Mr. Chamerovzow, secretary of the London committee of emancipation, was introduced by Mr. Laboulaye, and gave an outline of the history of slavery in America, as well in the Spanish as British colonies and United States, to this time, with many details thoroughly familiar to the American citizens who read the papers, and finished by expressing his own ideas:

1. That as a general rule freedmen are not only capable of sustained industry, but ask nothing better than to be employed at reasonable wages.

2. That wherever schools are established, the freedmen, old and young alike, show an aptitude and desire to learn that is quite extraordinary.

3. That the American government is making every effort possible, through the Freedmen’s Bureau, to take care of the lot of these four millions of unfortunates.

4. That everywhere among them is to be found destitution and misery, the consequence of the social disorganization prevalent through the wide territory over which they are scattered: and this must last a long time, because of the ill-will of their old masters against their heretofore slaves.

5. That the northern people, by establishing aid societies and similar associations, have nobly seconded the efforts of the government, and are entitled to our sympathy.

Mr. Auguste Cochin.
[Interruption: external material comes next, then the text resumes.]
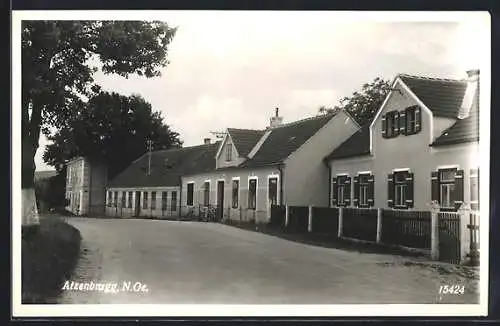 AK Atzenbrugg, Strassenpartie im Ort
After what has been said, I wish to draw your attention to the reasons for hoping that slavery will soon be abolished in Brazil and Cuba. Their condition rests on the Emperor of Brazil and Queen of Spain. It is too late this evening to speak of Brazil. I will confine myself to Cuba.

Public opinion in that island has been much awakened by emancipation in Jamaica and other islands, and now lately in the United States.

Cuba is in a very favorable condition; for there are about one million of whites and free colored, and only about three hundred thousand slaves. The white and free colored population are already habituated to field labor, and the relations between the white and free colored population are of the best kind. Cuba has offered to give up slavery for the equivalent of free civil government. The corruptions of colonial functionaries are the cause of difficulty and delay. The question must be solved at Madrid.